Verhaal

Tante Grethe

Grethe en Siegbert Davidsohn

Margarete (Grethe) en haar man Siegbert kwamen uit Berlijn naar Amsterdam toen het in Duitsland te gevaarlijk werd voor Joden. Haar zuster, Ellen Kohn, die al voor de oorlog was getrouwd met de Nederlandse, niet-joodse HTH Wijdeveld, woonde in de Vossiusstraat in Amsterdam. Toen Grethe en haar gezin naar Amsterdam kwamen, gingen Ellen en HTH juist naar Zuid Frankrijk en Grethe kon in het huis op de Vossiusstraat wonen. Grethe was violiste. Zij gaf les aan het conservatorium in Berlijn, dat door haar eigen moeder, de pianiste Ruscha Kohn-Schönfeld, was opgericht. 
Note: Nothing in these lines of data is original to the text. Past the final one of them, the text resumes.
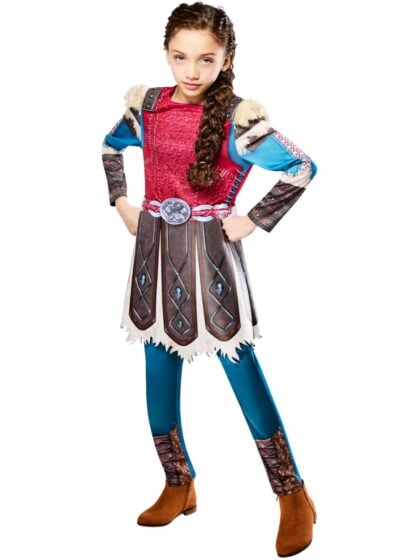 Girls Astrid costume from How to Train Your Dragon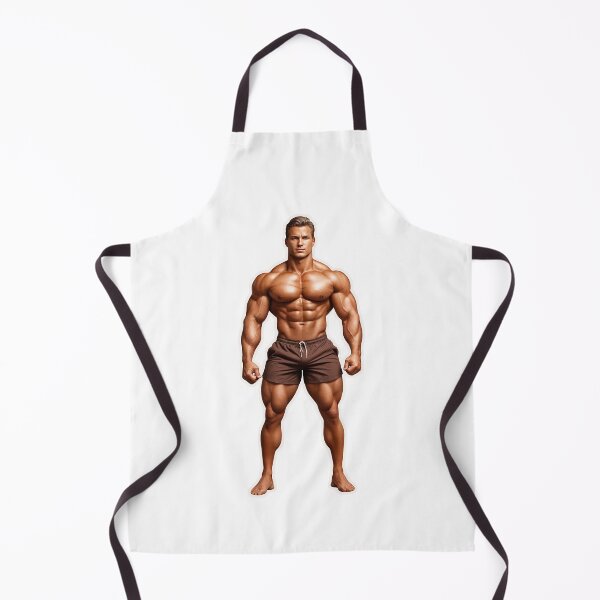 Item preview, Chiseled Warrior: The Art of the Ultimate Male Physique #127 designed and sold by ForeverPrintsOK.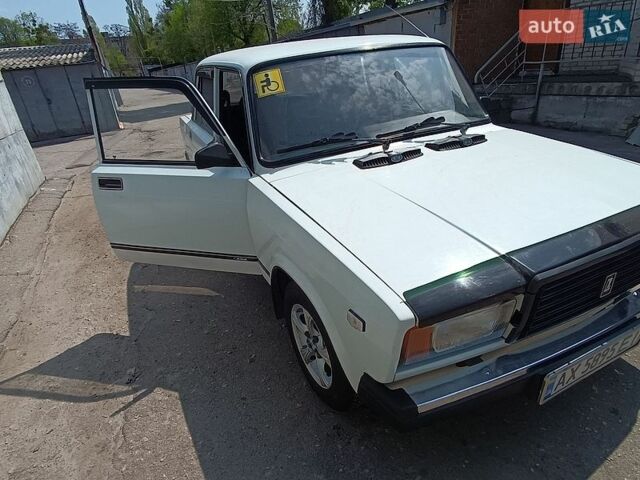 Білий ВАЗ 2107, об'ємом двигуна 1.57 л та пробігом 5 тис. км за 1020 $, фото 1 на Automoto.ua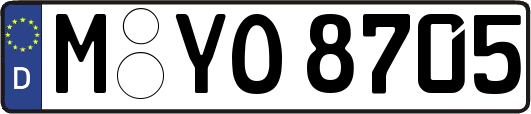 M-YO8705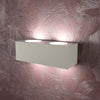 Applique-Moderna-Area-Metallo-Sabbia-Metallo-4-Luci-Gx53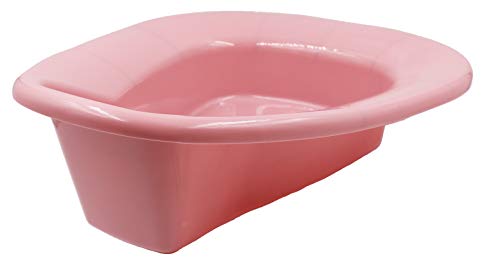 Healthstar Rose Bedpan, Stackable, Commode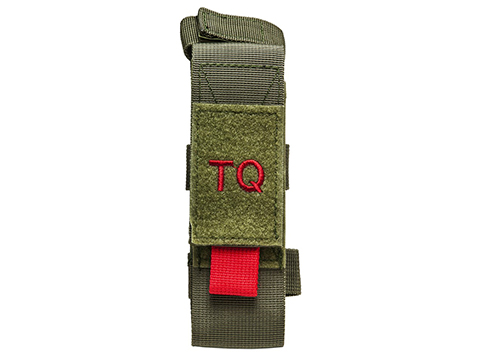 NcStar/VISM Tourniquet & Tactical Shear Pouch (Color: OD Green)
Toen de deportaties begonnen, kwamen er vele waarschuwingen en aanbiedingen om het gezin onder te brengen, maar zij weigerden. Zij "wilden niemand in gevaar brengen." En ook zei zij: "Wij redden het wel, wij zijn sterk." Zij dachten dat ze naar een werkkamp gebracht zouden worden.

De familie was heel muzikaal. Voor mijn moeder, Ruscha Wijdeveld, was haar tante Grethe heel belangrijk omdat haar eigen ouders een aantal jaren in Z.Frankrijk woonden toen zij als jong-volwassene op zichzelf woonde. Mijn moeder was kind aan huis op de Vossiusstraat, waar altijd muziek was: Altijd werden trio's of kwartetten gespeeld en oom Siegbert, die voor de oorlog als bankier werkte, had een heel mooie stem en zong vaak liederen. Mijn moeder was heel trots op hun allemaal. Zij vertelde dat het zo bijzonder was dat iedereen vrijwel meteen na aankomst in Amsterdam werk had gevonden of zelf gecreëerd. Zo had de zoon Joachim, die op zijn 24e in Mauthauzen is doodgeschoten ("auf die flugt erschossen worden") met een vriend samen een bedrijf opgezet waar dames een patroon konden uitkiezen uit verschillende modebladen. Dat werd dan door hun op maat gemaakt van de zelf gekozen stof. Een groot succes. 

In 1943 is het hele gezin, inclusief hun kleinkind van 1.5 jaar via Westerbork naar Sobibor getransporteerd, waar ze zijn vermoord.